Henry Chang, Mentor’s director of marketing for analog- and mixed-signal tools, elaborates on the simulation portion of the flow. Eldo is a Spice-based simulator, Eldo RF adds RF extensions, and ADiT is a fast Spice simulator that trades some accuracy for speed. Mentor’s ADVance tool, he says, brings together those simulators and combines them with Mentor’s ModelSim digital simulator to verify complete mixed-signal designs.

IDMs (integrated-device manufacturers) and foundries also offer mixed-signal-EDA tools. Austriamicrosystems, for example, offers the HIT-KIT (high-performance-interface-tool kit)—a utility comprising software programs and libraries that support behavioral simulation, digital synthesis, schematic capture, mixed-signal simulation, layout, design verification, and back-annotation within Cadence, Mentor, and Synopsys design environments. According to Thomas Riener, general manager of austriamicrosystems’ full-service-foundry-business unit, the kits provide a consistent user interface for the company’s internal designers and foundry customers. Thomas Mörth, manager of design support at the foundry-business unit, notes that the kits add custom features, such as the ability to verify that, with transistors operating at 3.3, 20, 50, and 120V on a single die, each transistor remains within its safe operating range.

As for what designers would like to see from EDA companies, topping the list are multithreaded versions of Spice that can take full advantage of multicore processors. Austriamicrosystems’ Mörth notes that, although some Spice implementations use multiple cores, they generally rely on a single core to solve the set of matrix equations that describe the simulated circuit. “You can buy more and more hardware, but it gets to a point where that no longer helps,” says Riener. “If you want to do a top-level simulation that takes three weeks, it will continue to take three weeks no matter how many CPUs you add to your server farm.”

Steven Daniel, worldwide R&D manager of the analog, mixed-signal, and power division at Freescale Semiconductor, and Erwan Hemon, the worldwide automotive-IC-creation manager at the same division, also would like to see faster simulators. “Top-level simulation of a full chip with analog and digital components is a long and difficult process that can take a month at minimum and is not user-friendly,” says Hemon.
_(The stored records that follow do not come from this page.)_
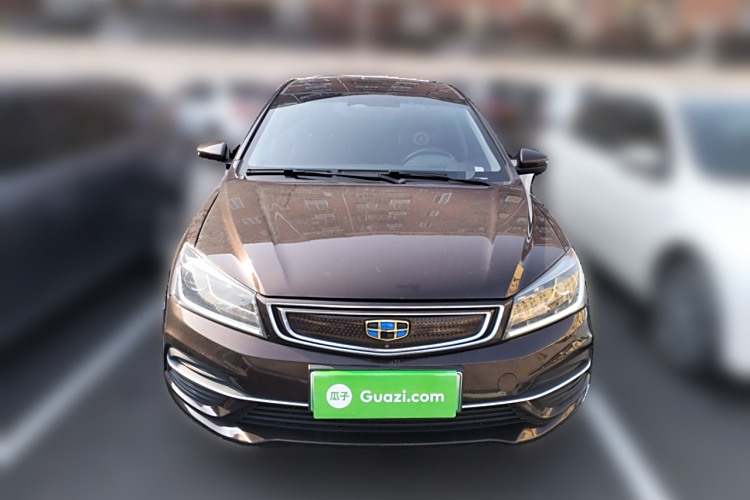 GEELY Emgrand New Energy 2018 #3 GEELY Emgrand New Energy 2018 car image #3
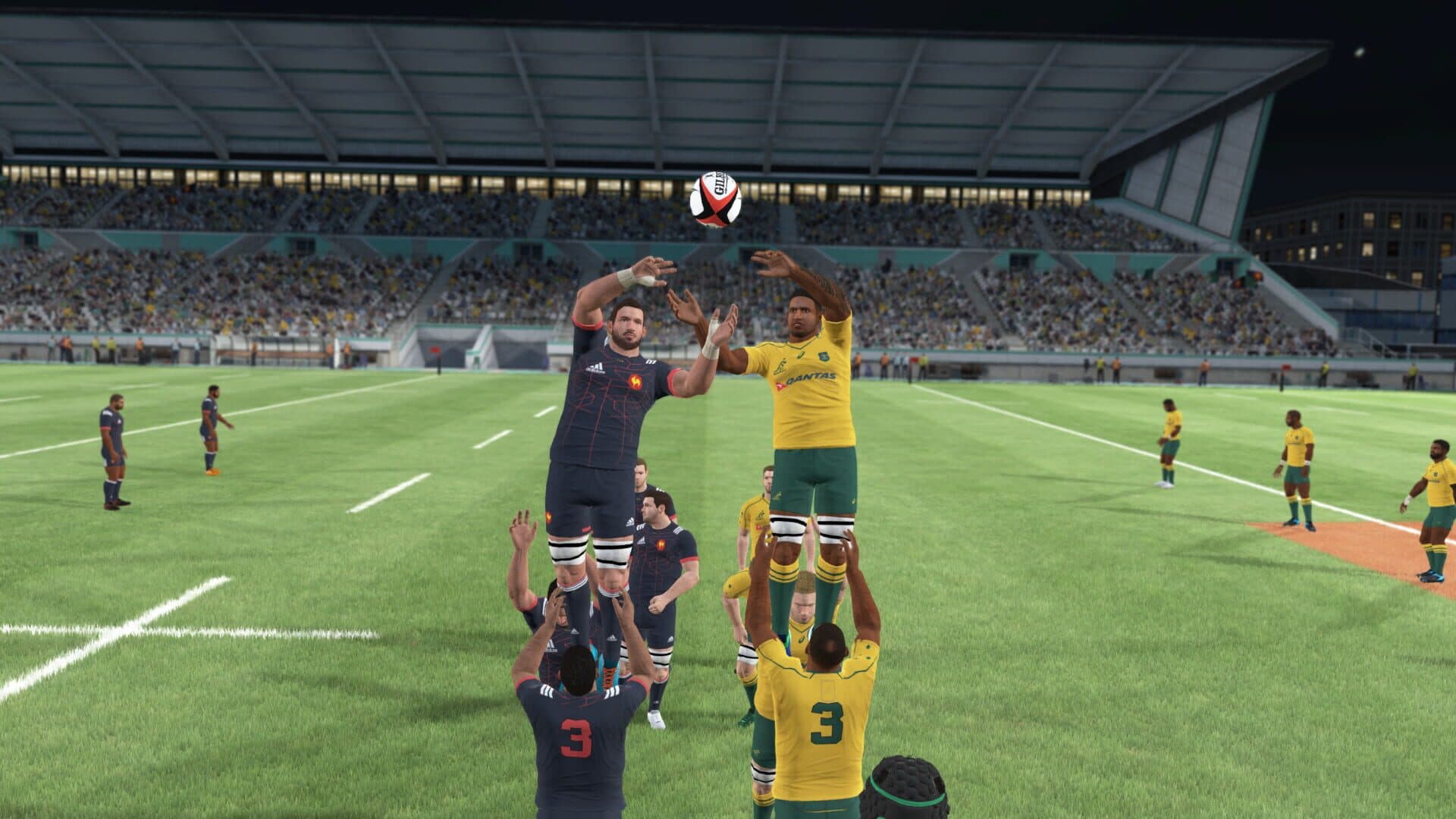 Rugby 18 screenshot 4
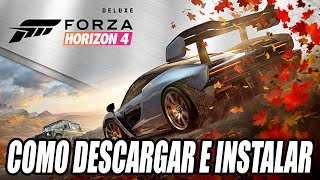 Como Descargar e Instalar Forza Horizon 4 para PC [upl. by Eire]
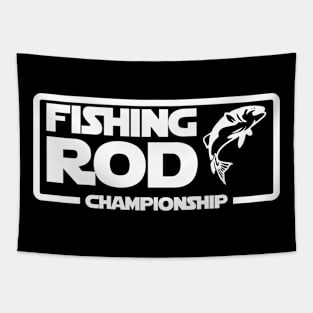 Fishing Rod Tapestry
The process needs acceleration through parallel-processing support.

Freescale engineers employ many proprietary, in-house design-automation tools that provide leading-edge performance not available from commercial tools, but Hemon notes that a commercial tool could be a viable alternative once an internal tool has lost its ability to provide differentiation. Daniel and Hemon list several features they would want to see in commercial tools: support for high-voltage transistors, not just low-voltage CMOS transistors; the ability to model ESD (electrostatic-discharge) effects; and the ability to predict defect rates and aging effects. To capture defects in the analog portion of mixed-signal silicon, Hemon says Freescale engineers would like to develop a test methodology similar to the digital domain’s IDDQ (integrated-circuit-quiescent-current) test. Finally, they would like to see test-program-generation support.

EDA vendors aren’t specific about what’s just over the horizon, but Cadence’s Lewis says his company is looking at bringing assertion-based approaches—common in the digital world—to facilitate verification and test of mixed-signal designs.

Mentor’s Ho says that efforts are under way to improve the communication of design intent from the schematic-capture and simulation area to the implementation area. Such an approach would invoke principles and guidelines that would facilitate automation of some tasks but still provide flexibility. Chang says that, to support mixed-signal design and implementation at 45-nm process nodes, foundries and EDA companies will need to work closely together to develop complex device models that designers can efficiently simulate. Finally, Ho notes, printability issues are affecting designs at 40 nm, and manufacturers might better address those issues at the design stage rather than through RET (reticle-enhancement-technology) and OPC (optical-process-correction) techniques.